INPUT DATA
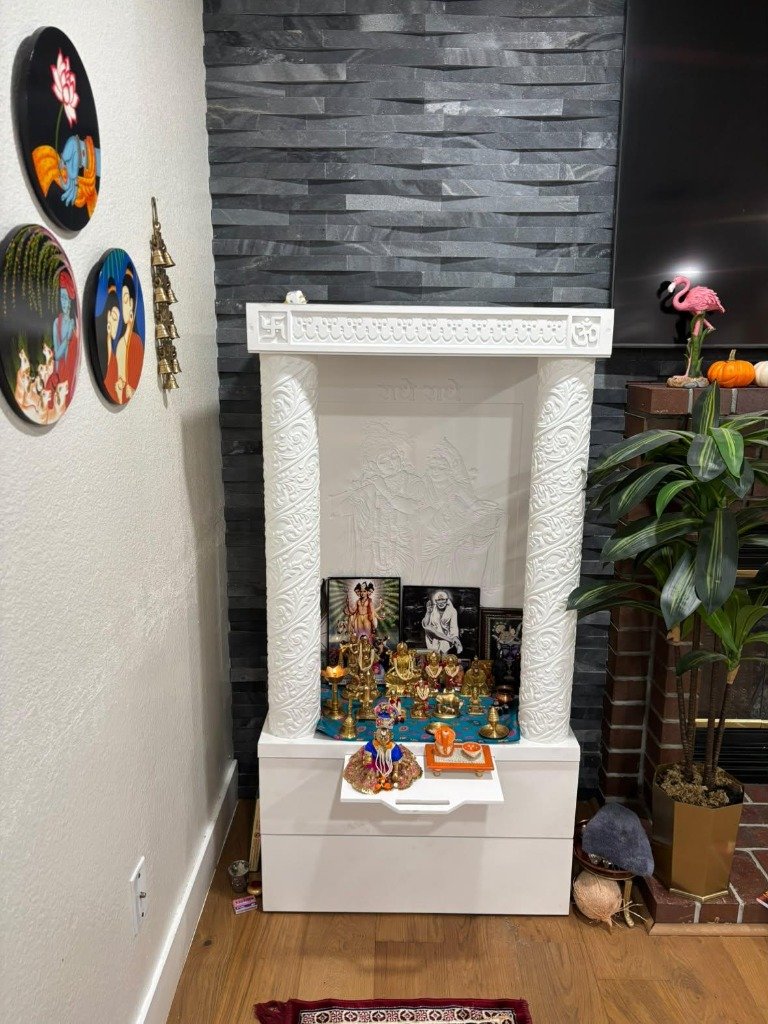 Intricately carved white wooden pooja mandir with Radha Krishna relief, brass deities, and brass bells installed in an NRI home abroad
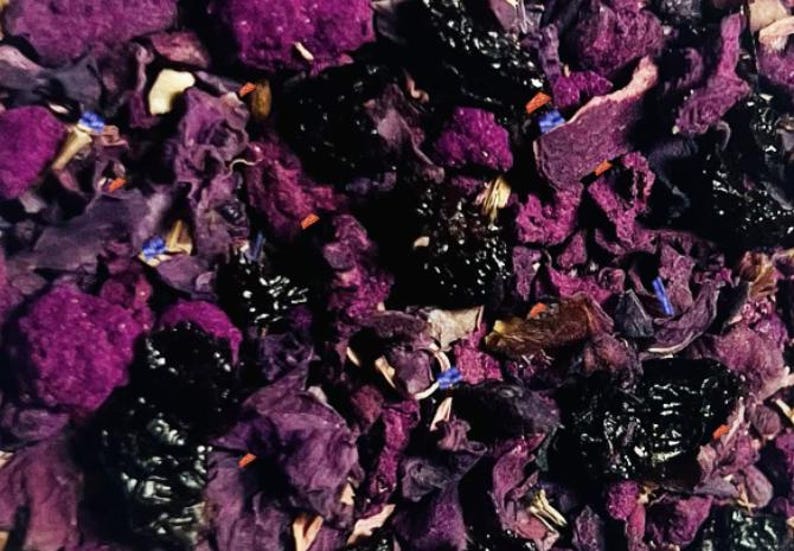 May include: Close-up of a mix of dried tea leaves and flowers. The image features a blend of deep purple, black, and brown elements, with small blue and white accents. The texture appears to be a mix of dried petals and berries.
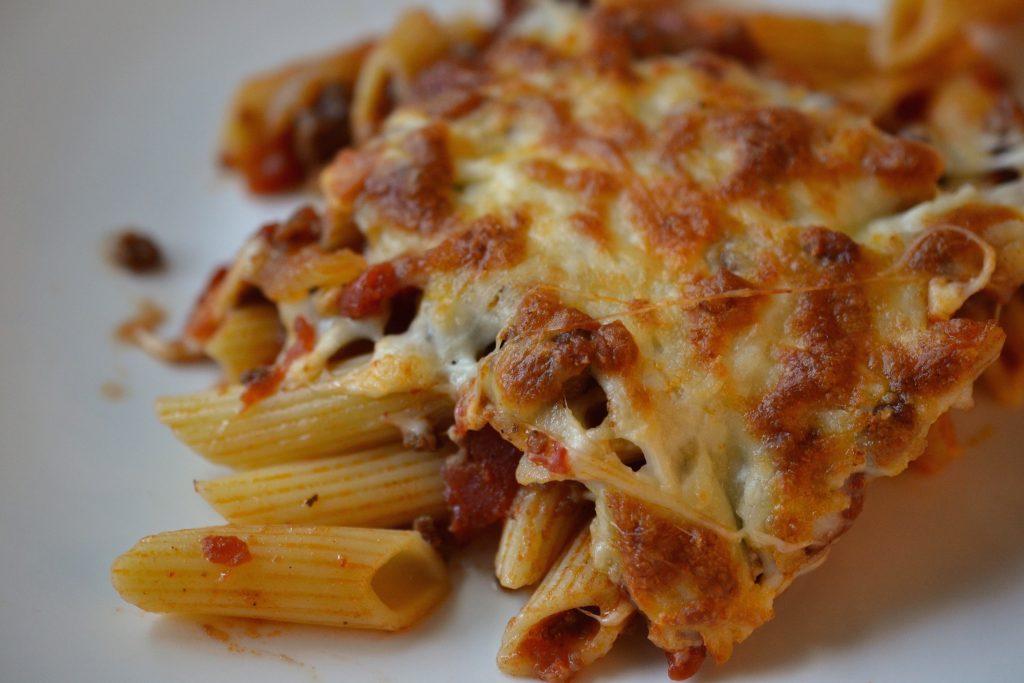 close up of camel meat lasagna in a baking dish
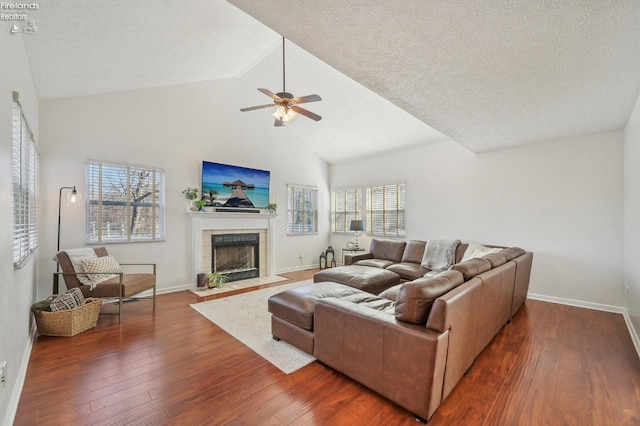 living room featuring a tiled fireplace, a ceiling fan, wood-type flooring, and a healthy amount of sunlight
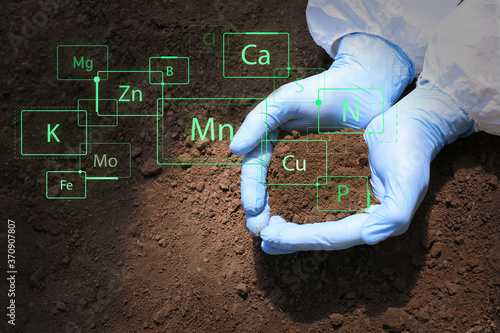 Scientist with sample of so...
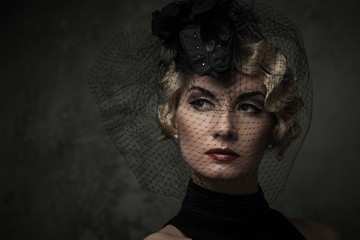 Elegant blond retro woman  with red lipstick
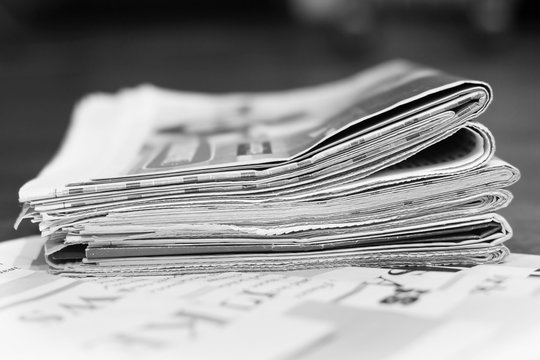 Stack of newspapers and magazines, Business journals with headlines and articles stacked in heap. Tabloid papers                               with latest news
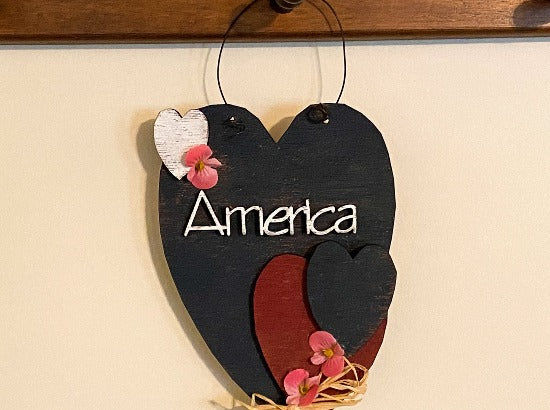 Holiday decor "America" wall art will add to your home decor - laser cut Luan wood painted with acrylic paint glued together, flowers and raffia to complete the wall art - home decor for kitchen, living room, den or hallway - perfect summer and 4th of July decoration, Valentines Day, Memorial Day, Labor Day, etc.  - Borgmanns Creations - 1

BRIEF
Restate, word for word, each line from the line containing "Elegant blond retro" through the end of the entries above; the pictures are not part of the copy.

SOLUTION TO THIS EXERCISE
 Elegant blond retro woman  with red lipstick
 Stack of newspapers and magazines, Business journals with headlines and articles stacked in heap. Tabloid papers                               with latest news
 Holiday decor "America" wall art will add to your home decor - laser cut Luan wood painted with acrylic paint glued together, flowers and raffia to complete the wall art - home decor for kitchen, living room, den or hallway - perfect summer and 4th of July decoration, Valentines Day, Memorial Day, Labor Day, etc.  - Borgmanns Creations - 1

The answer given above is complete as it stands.